Autre problème qui est remonté : la difficulté pour les élus de "s'approprier" un dispositif très technique, comme le font savoir Intercommunalités de France. Laquelle pointe aussi des problèmes liés à l'agenda des élus. Or, les textes ne facilitent pas les choses, puisque les maires désignés pour représenter les communes de leur département au sein de la CDVL n'ont pas la capacité d'être suppléés par de simples conseillers municipaux.
Le sujet est pourtant d'une importance majeure. Une application telle quelle, dès l'année prochaine, des paramètres mis à jour de l'évaluation des valeurs locatives pourrait entraîner des évolutions significatives des montants d'imposition dus par les professionnels. "Des variations de bases de plus ou moins 20% à l'échelle d'une commune ou d'un EPCI sont fréquentes", indique le cabinet Klopfer, qui a analysé plusieurs projets présentés par les services fiscaux.
Enjeu de la révision des valeurs locatives des locaux d'habitation
Des élus locaux, dont certains siègent au comité des finances locales, brandissent de leur côté le risque d'une augmentation des cotisations mises à la charge des commerces de centre-ville, et à l'inverse une diminution de celles qui sont perçues sur les commerces situés en périphérie… À rebours des politiques visant à redynamiser les centres-villes. Il faut dire qu'en amont de l'entrée en vigueur de la révision des valeurs locatives des locaux commerciaux en 2017, des simulations de Bercy avaient mis en évidence de telles perspectives.
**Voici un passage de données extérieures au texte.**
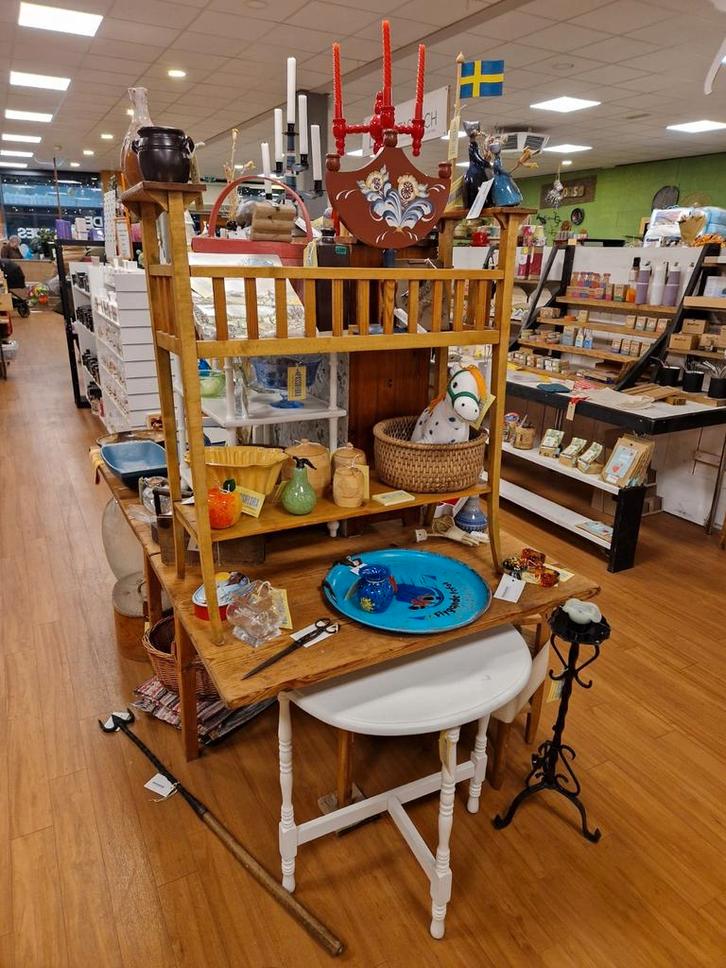 Zweedse Plantentafel Hout Gelakt Naturel, Verzamelen, Poppenhuizen en Toebehoren, Poppenhuis, Ophalen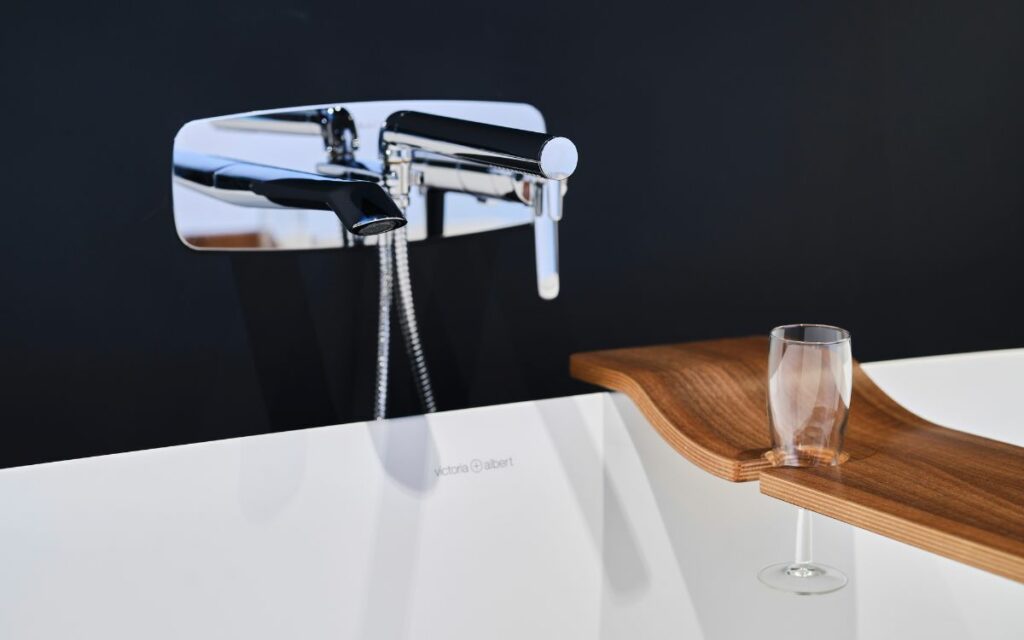 Un bagno moderno dove l’eleganza incontra la tecnologia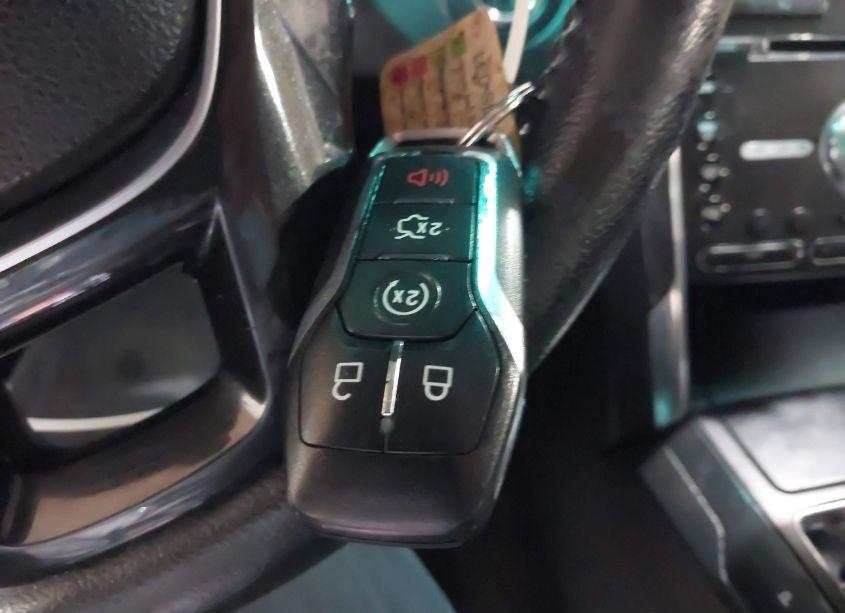 Photo 11 of 2016 Ford Explorer LIMITED (VIN 1FM5K8F8XGGC00621)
Il faut toutefois demeurer prudent quant à ce risque, tant que l'analyse ne peut pas s'appuyer sur des données robustes, estime la spécialiste de l'Afigese. Qui préfère, avec les responsables de France urbaine et Intercommunalités de France, mettre en avant un autre enjeu : la réussite de la révision des valeurs locatives des locaux d'habitation, prévue pour 2026. Un immense chantier qui reposera sur les mêmes méthodes et principes que la révision des valeurs locatives des locaux commerciaux…
"Le système [sur lequel repose la révision des valeurs locatives] est bien conçu, mais la mise en œuvre pêche", conclut Christelle Gaucher. Alors que l'objectif même de la révision est d'aboutir à des valeurs locatives conformes aux valeurs de marché, il est nécessaire de disposer d'une photographie nette, insiste l'experte. À cette fin, l'Afigese propose non seulement l'instauration d'un moratoire sur la réforme (qui ouvrirait la voie à une prolongation de la collecte), mais aussi une refonte de la méthode de collecte des loyers. Il s'agirait d'abandonner le système de déclaration effectuée par les exploitants, qui "n'a pas de caractère obligatoire", et de privilégier une déclaration par les propriétaires eux-mêmes – au moyen du nouveau service en ligne "Gérer mes biens immobiliers", qui a été créé pour eux. Bonne nouvelle, c'est cette option-là que les services fiscaux ont retenue pour recueillir les informations sur les loyers des locaux d'habitation, dans le cadre de la révision à venir.